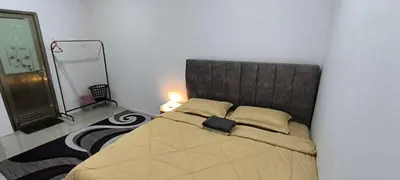a bedroom with a bed with a headboard and a mirror at AMI Homestay & Guest House in Gua Musang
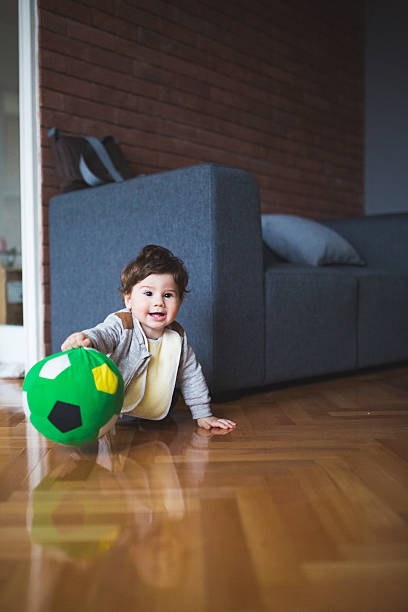 istock Little boy playing with green ball 517849738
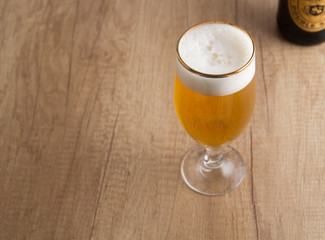Glass of craft beer on wooden table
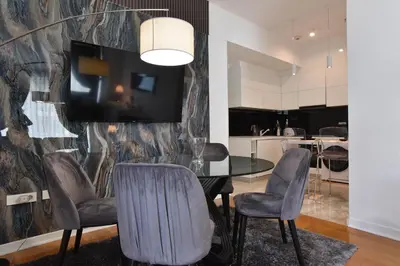 a dining room with a table and chairs at Luxury one bedroom apartment in beachfront apart Hotel in Budva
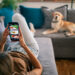 Young woman resting in her apartment on the sofa together with her Labrador retriever dog and ordering food for lunch online. She is holding a mobile phone and choosing meal to buy from the menu on the website. Photos used for app interface is my own photos, also available in my portfolio with photo IDs: 182682315, 182675346, 182702479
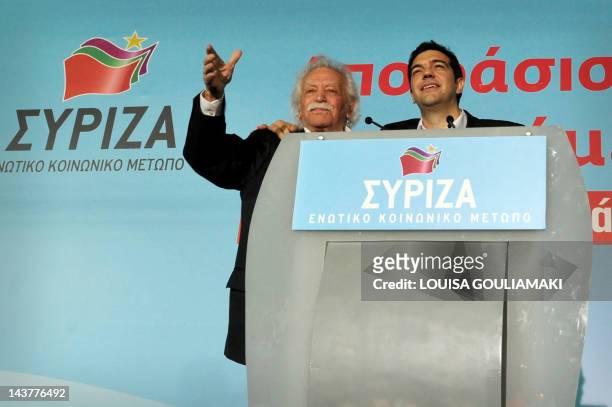 Left Coalition Party leader, Alexis Tsipras and Manolis Glezos a resistance hero, politician and writer greet the crowd prior to a speech during...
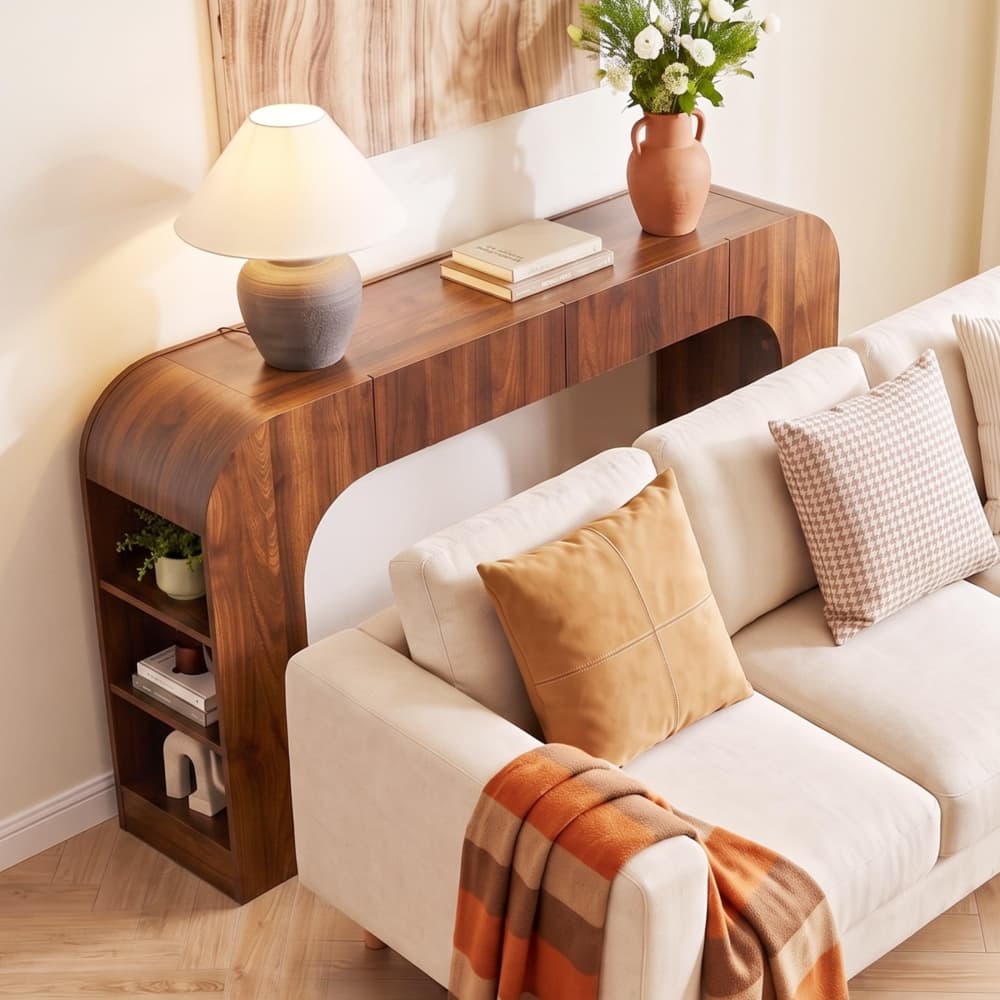 A modern curved wooden console table styled in a living room next to a cream sofa, holding a lit table lamp, books, and a terracotta vase with flowers.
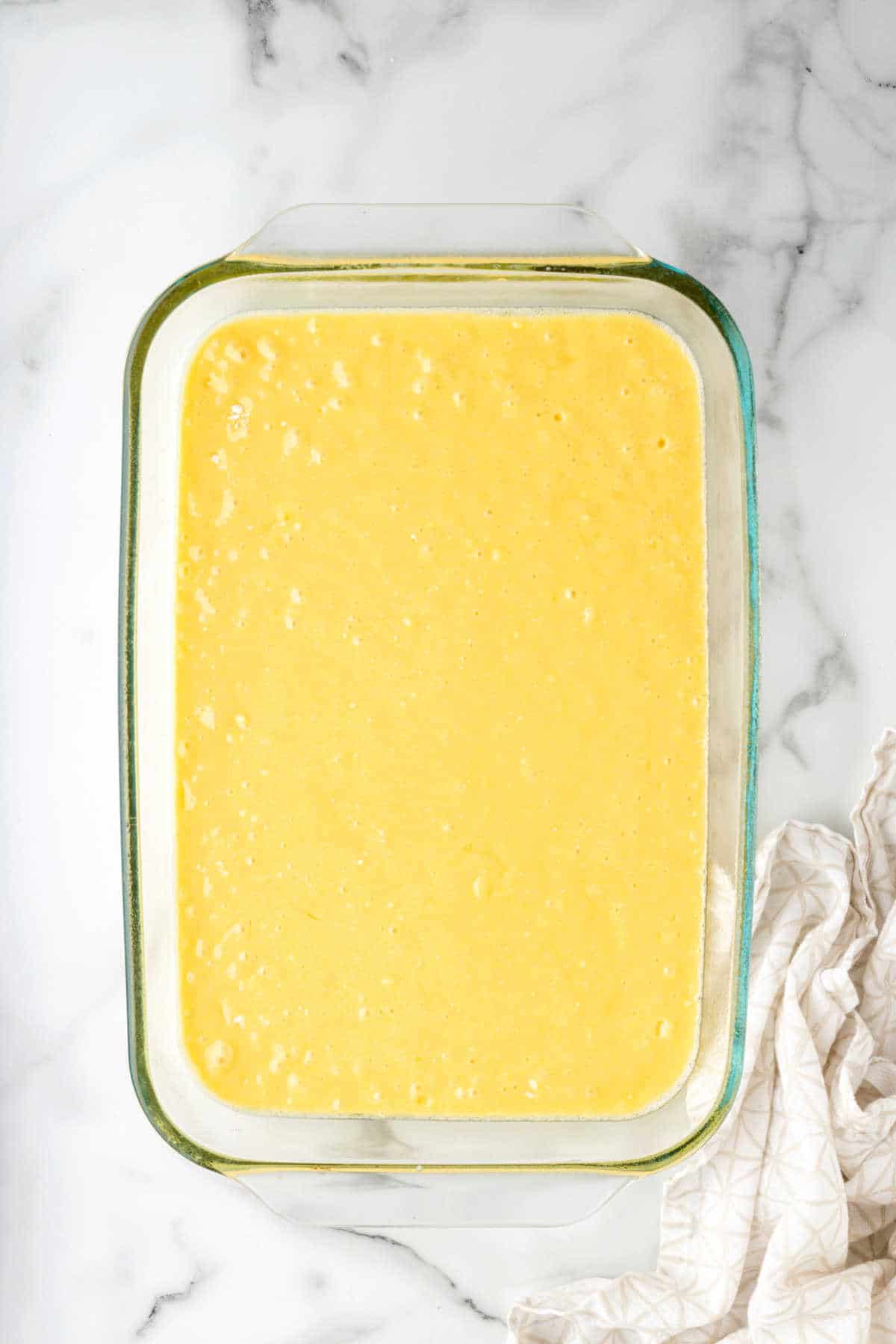Yellow cake batter in a glass baking pan. 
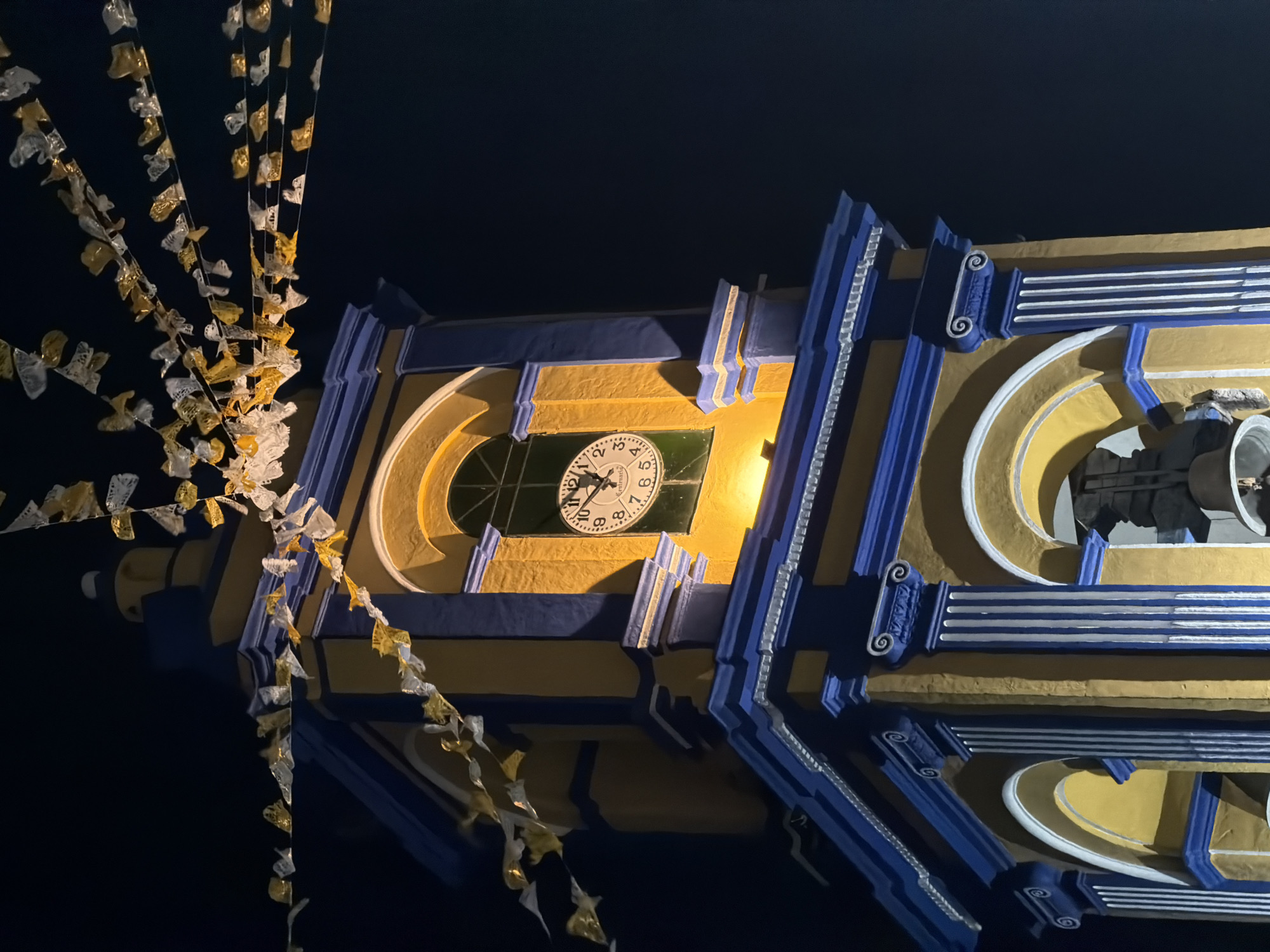 The image shows a portion of the clock tower of the San Andrés Cholula municipal palace, located in the city of San Andrés Cholula, Mexico. The structure is painted in a yellow and blue color scheme, and the clock face is visible and appears to be lit from behind. Decorative streamers hang in the foreground. The image was taken at night, as the background is dark.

_Task details:_ All of the entries above should be duplicated exactly, except for the pictures.

_Response area:_
a bedroom with a bed with a headboard and a mirror at AMI Homestay & Guest House in Gua Musang
 istock Little boy playing with green ball 517849738
Glass of craft beer on wooden table
 a dining room with a table and chairs at Luxury one bedroom apartment in beachfront apart Hotel in Budva
 Young woman resting in her apartment on the sofa together with her Labrador retriever dog and ordering food for lunch online. She is holding a mobile phone and choosing meal to buy from the menu on the website. Photos used for app interface is my own photos, also available in my portfolio with photo IDs: 182682315, 182675346, 182702479
 Left Coalition Party leader, Alexis Tsipras and Manolis Glezos a resistance hero, politician and writer greet the crowd prior to a speech during...
 A modern curved wooden console table styled in a living room next to a cream sofa, holding a lit table lamp, books, and a terracotta vase with flowers.
Yellow cake batter in a glass baking pan. 
 The image shows a portion of the clock tower of the San Andrés Cholula municipal palace, located in the city of San Andrés Cholula, Mexico. The structure is painted in a yellow and blue color scheme, and the clock face is visible and appears to be lit from behind. Decorative streamers hang in the foreground. The image was taken at night, as the background is dark.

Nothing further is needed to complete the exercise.